With this in mind, you could perceive current culture as having become pronouncedly archival: one central strand of current Rock and Pop is the relatively new market in reissues, allowing for both nostalgia and connoisseurship; similarly, the by-products of modern lifestyle have achieved their own aesthetic status: art bookshops now sell collections of the in-flight safety cards used on commercial airlines, or histories of flyers for dance clubs. A sense of the archival is now able to attach cultural significance to almost anything, and is always in search of new seams of arcane cultural history to mine: found collections of yearbook photographs, someone's snaps of their girlfriend, cheesy Christmas cards. What used to be a side-show is becoming the main event.

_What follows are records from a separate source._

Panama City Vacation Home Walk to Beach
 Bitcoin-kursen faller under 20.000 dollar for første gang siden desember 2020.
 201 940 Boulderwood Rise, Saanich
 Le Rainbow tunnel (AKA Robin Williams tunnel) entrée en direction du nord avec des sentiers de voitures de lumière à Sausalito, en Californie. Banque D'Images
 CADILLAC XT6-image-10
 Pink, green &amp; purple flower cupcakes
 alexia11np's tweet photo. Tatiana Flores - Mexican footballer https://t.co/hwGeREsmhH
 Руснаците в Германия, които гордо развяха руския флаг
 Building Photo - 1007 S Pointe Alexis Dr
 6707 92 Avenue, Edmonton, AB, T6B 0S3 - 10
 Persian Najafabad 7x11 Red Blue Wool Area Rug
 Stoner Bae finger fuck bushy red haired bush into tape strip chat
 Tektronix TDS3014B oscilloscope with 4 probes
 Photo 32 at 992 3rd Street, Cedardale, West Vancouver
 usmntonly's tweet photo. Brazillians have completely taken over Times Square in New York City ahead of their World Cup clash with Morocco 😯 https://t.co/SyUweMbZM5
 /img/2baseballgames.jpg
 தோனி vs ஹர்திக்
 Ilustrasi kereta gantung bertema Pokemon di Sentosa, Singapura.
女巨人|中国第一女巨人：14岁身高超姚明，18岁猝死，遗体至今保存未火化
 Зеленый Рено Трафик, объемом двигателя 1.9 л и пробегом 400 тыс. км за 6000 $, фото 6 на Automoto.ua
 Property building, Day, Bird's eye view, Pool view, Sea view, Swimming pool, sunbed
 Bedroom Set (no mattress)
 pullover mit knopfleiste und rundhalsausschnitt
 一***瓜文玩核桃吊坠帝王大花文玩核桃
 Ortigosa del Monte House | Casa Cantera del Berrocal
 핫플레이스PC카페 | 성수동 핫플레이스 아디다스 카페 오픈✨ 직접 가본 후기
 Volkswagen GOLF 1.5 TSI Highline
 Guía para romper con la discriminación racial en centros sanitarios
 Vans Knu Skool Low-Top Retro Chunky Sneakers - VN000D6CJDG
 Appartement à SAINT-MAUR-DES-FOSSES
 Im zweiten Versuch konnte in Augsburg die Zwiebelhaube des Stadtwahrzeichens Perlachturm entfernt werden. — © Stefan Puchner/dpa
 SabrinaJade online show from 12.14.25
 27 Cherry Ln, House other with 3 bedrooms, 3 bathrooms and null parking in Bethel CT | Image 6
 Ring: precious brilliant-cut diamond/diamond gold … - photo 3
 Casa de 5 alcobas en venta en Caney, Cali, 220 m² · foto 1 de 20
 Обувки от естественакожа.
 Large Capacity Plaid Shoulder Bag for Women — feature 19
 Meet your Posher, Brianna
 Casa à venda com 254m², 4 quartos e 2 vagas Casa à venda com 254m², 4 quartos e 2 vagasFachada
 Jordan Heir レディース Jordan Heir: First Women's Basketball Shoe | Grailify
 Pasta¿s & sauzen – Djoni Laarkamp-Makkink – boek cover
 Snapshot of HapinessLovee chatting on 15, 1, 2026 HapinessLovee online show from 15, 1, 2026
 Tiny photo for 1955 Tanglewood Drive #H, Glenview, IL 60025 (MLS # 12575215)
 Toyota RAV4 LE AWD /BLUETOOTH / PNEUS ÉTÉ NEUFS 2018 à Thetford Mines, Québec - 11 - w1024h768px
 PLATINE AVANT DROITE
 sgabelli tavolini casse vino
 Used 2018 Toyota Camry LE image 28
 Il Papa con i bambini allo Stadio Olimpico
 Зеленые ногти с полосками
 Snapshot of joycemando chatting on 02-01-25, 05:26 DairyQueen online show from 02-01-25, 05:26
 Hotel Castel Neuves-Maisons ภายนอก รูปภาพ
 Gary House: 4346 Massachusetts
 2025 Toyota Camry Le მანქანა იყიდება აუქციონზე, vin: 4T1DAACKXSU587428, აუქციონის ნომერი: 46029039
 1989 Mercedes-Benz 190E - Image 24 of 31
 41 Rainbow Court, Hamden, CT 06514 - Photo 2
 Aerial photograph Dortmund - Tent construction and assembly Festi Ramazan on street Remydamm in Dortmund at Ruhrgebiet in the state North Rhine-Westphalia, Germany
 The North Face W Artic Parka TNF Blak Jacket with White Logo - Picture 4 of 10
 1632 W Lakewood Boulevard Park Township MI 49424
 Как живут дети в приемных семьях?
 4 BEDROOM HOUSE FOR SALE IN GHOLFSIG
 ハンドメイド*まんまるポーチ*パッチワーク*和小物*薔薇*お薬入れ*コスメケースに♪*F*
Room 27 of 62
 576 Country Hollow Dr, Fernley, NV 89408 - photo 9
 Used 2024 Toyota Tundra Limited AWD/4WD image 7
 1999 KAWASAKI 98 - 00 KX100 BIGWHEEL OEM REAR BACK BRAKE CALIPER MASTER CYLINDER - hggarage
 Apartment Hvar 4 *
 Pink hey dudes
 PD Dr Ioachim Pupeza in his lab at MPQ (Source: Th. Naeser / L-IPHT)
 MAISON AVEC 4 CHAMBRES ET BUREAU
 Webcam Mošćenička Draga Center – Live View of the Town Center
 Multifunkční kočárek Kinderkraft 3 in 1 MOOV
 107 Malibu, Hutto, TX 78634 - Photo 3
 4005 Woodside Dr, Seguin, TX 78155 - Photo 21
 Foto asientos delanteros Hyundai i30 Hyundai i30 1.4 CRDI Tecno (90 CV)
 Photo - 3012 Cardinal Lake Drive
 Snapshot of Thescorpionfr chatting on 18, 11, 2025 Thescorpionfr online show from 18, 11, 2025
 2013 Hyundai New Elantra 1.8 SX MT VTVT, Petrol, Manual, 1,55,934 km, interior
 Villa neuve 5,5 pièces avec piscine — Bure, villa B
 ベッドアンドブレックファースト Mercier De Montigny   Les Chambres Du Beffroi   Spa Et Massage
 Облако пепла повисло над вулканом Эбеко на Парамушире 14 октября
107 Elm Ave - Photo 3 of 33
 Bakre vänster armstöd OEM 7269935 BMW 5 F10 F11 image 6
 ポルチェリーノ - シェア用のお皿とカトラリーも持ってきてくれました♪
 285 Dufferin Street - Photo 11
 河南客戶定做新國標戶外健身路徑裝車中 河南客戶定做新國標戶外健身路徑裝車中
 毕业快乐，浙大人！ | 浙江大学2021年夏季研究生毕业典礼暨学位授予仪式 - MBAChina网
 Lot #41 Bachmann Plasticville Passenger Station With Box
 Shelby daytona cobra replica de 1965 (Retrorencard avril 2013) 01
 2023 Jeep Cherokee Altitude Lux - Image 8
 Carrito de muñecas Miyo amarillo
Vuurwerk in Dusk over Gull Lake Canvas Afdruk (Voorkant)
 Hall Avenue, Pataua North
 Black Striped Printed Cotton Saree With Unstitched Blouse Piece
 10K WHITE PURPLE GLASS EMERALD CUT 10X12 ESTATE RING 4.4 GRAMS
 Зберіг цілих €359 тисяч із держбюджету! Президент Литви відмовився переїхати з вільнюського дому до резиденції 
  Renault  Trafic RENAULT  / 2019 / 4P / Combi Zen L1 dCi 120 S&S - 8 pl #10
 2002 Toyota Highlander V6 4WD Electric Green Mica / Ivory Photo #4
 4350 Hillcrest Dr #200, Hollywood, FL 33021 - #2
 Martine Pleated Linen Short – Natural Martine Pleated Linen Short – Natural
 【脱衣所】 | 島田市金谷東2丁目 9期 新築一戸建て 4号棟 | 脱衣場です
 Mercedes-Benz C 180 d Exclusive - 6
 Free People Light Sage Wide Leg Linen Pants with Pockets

As discussed in 'Extra Art', ephemera plays havoc above all else with notions of value, utilizing advertising space or low-budget production techniques, for example, in the face of the usually elevated economics of fine art. But these devices also expand the remit of an artist's practice. When Roy Lichtenstein decided to make work in the medium of cheap, disposable paper plates, published by On First Inc. in New York in 1969, he was souping up his commitment to Pop art by returning directly to the industrial processes of mass production.
Another way of looking at Lichtenstein's paper plates would be as an early example of art gentrifying typically artisan culture. In his essay 'Chester Gould versus Roy Lichtenstein', first published by the Los Angeles County Museum of Art in 1976, Tom Wolfe argues that the designer technicians of artisan culture - Chester Gould drew the original Dick Tracy comics - were more sophisticated and innovative, artistically, than the Pop artists who sourced from their work, and that Pop art was a form of dandyfied tourism in the workshops and shopping malls of the real world.
While this is Wolfe being typically contrary, we might see a reversed version of his pronouncement both in the goods on sale in a contemporary gallery shop, and in the contemporary relationship between art, ephemera and popular culture. Are the Fluxus kitchen aprons and the Gilbert & George sticky tape examples of artists' ephemera having their traditionally low-fi, quirky, intimate status returned to the elevated world of bourgeois lifestyle shopping?
Perhaps the originating politics that gave rise to the phenomenon, confounding value and foregrounding democracy, are now being replaced by the same economic formula of commodification that leads haute couture designers to license ranges of perfumes, so that for a hundredth of the price of a designer jacket you can purchase the designer's aura as a scent.
Ultimately, it would seem we are living through a transitional stage in the life of ephemera. In an age defined by marketing people as one of 'mass individualism' it becomes harder for either artists or musicians to achieve the impact of, say, Dan Graham's Homes for America magazine project (December 1966-January 1967), the 'some product' plastic bag wrapped around the first Buzzcocks LP (1977) or the sticker screaming 'Baby I'm Bored' that was inserted into every copy of Jon Savage and Jon Wozencroft's one-off magazine Vagabond (1992). (One of the latter found its way on to the guitar of Nicky from the Manic Street Preachers when the band played on Top Of The Pops.) To that extent the relationship between the ephemera of the margins and the rhetoric of the mainstream has never been less resolved, and more open to ambiguity.